### WHAT THE TASK REQUIRES
Only the lines from the one with "Ornamento d'arredo classico 36" through the end of the data below belong in the answer, restated word for word, pictures excluded.

### MATERIAL TO PROCESS
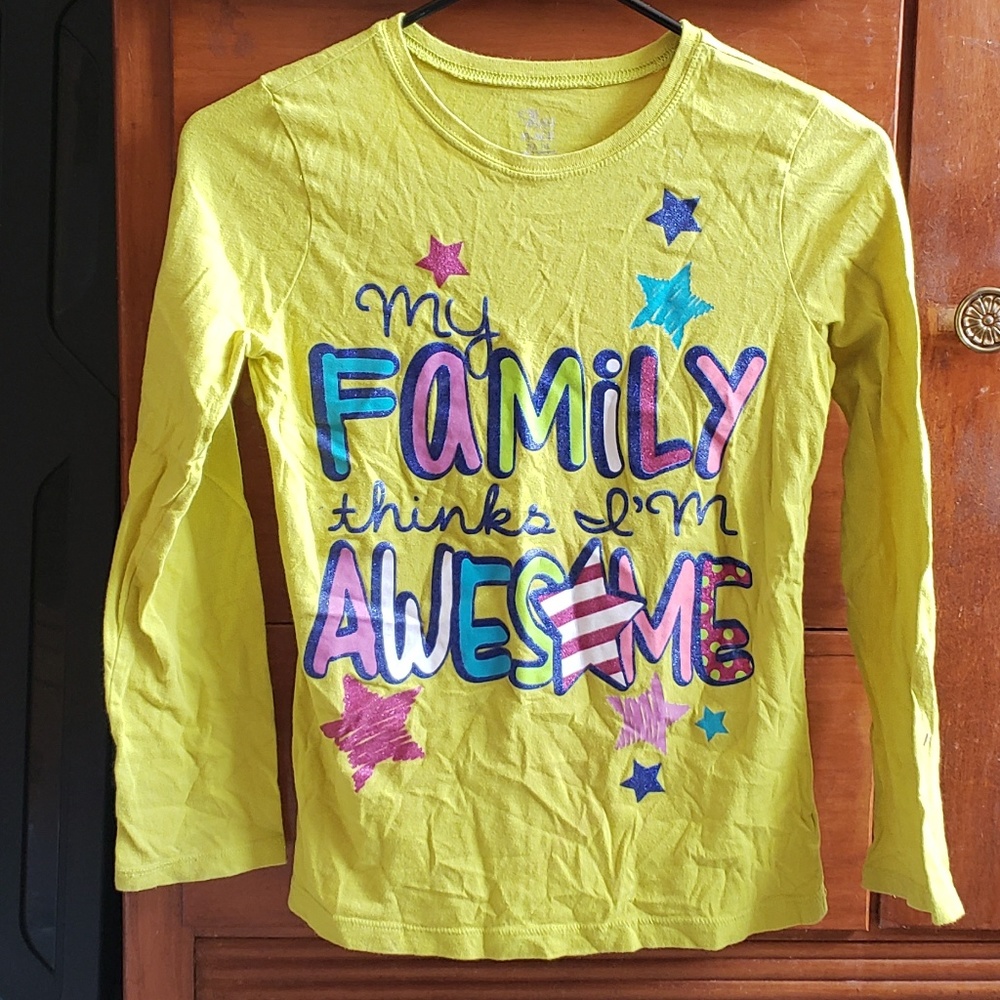 💢Girl's Long Sleeve Shirt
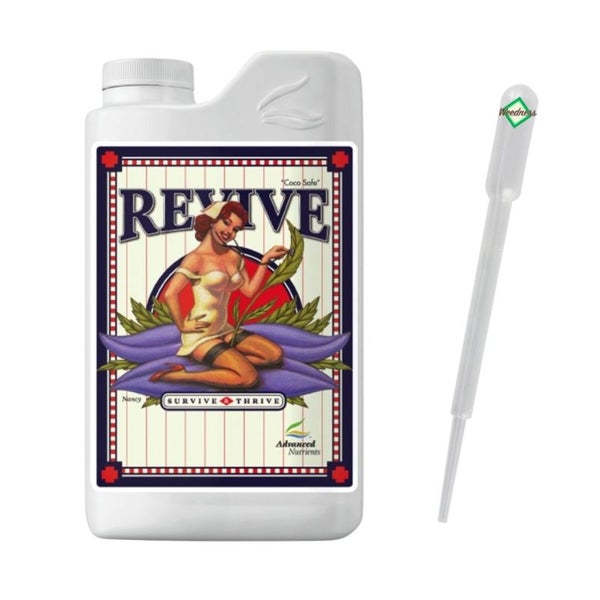 Advanced Nutrients Revive 250 ml – Schnelle Pflanzenwiederherstellung, Vitalitätsbooster für Kranke und Schwache Pflanzen, Vielseitig Für Alle Substrate & Anbaumethoden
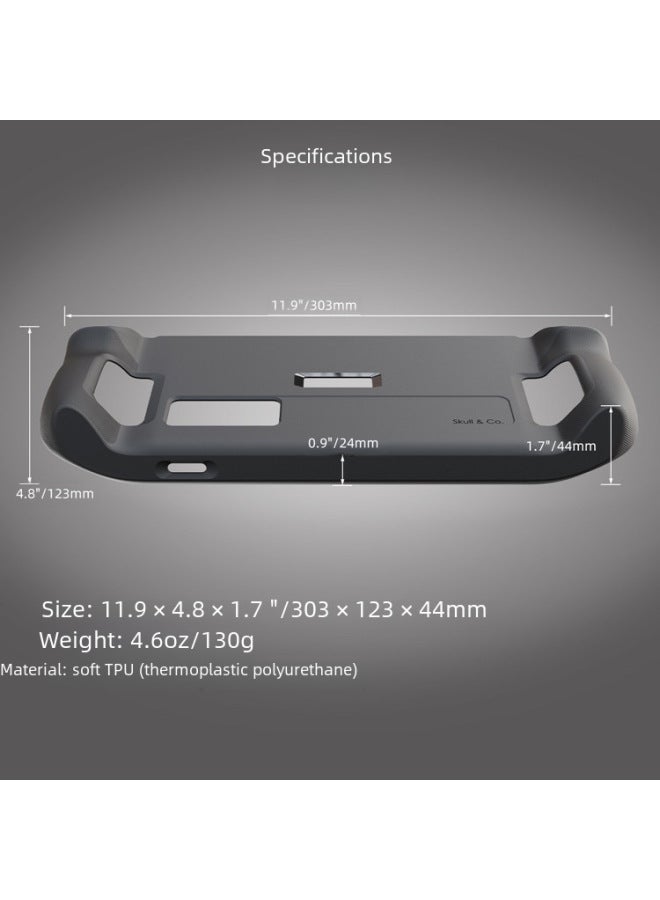 حافظة Skull & Co. للـ Steam Deck/OLED - GripCase SD مقاومة للانزلاق والاهتزاز - Image 5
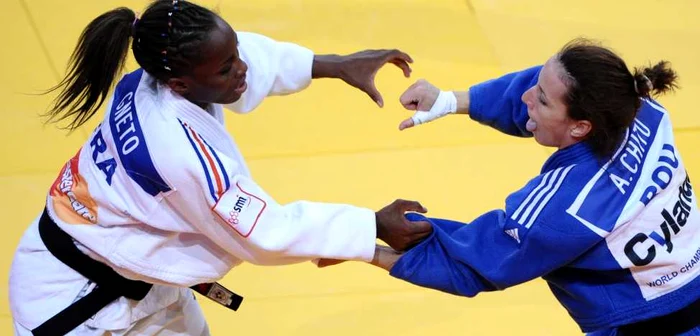 Mediafax | Andreea Chiţu a părăsit concursul de judo de la Jocurile Olimpice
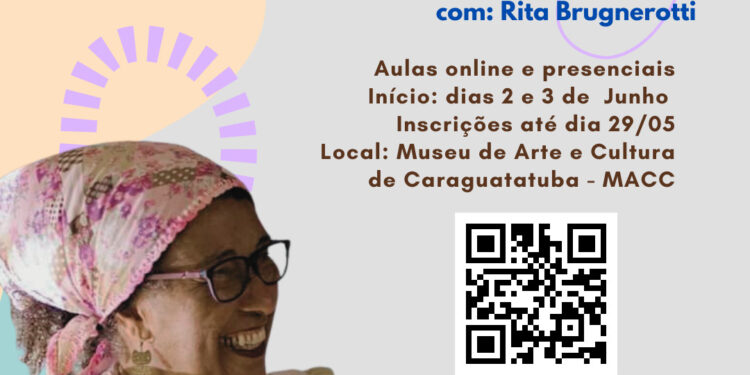   Fundacc promove workshop de Contação de História com Rita Brugnerotti
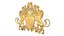 Ornamento d'arredo classico 36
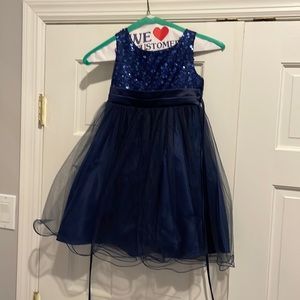 Fancy party dress. So cute! Size 3/4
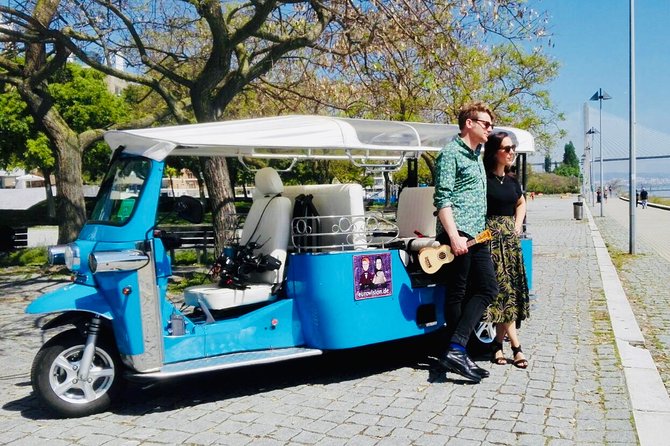 City of Neighborhoods Tour 1H 30M Private Tour by Tuk Tuk - Why a tuk tuk works so well in Lisbon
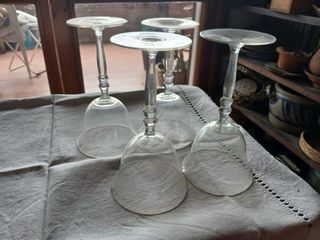 Collezione cristalli incisi e lisci vintage !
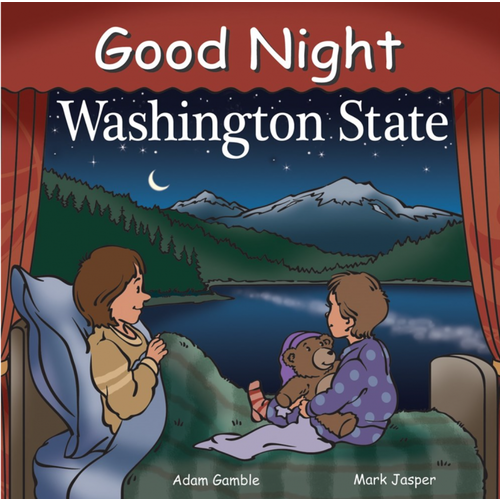 Good Night Washington State Book Good Night Washington State Book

### RESULT OF THIS EXERCISE
 Ornamento d'arredo classico 36
 Fancy party dress. So cute! Size 3/4
 City of Neighborhoods Tour 1H 30M Private Tour by Tuk Tuk - Why a tuk tuk works so well in Lisbon
 Collezione cristalli incisi e lisci vintage !
 Good Night Washington State Book Good Night Washington State Book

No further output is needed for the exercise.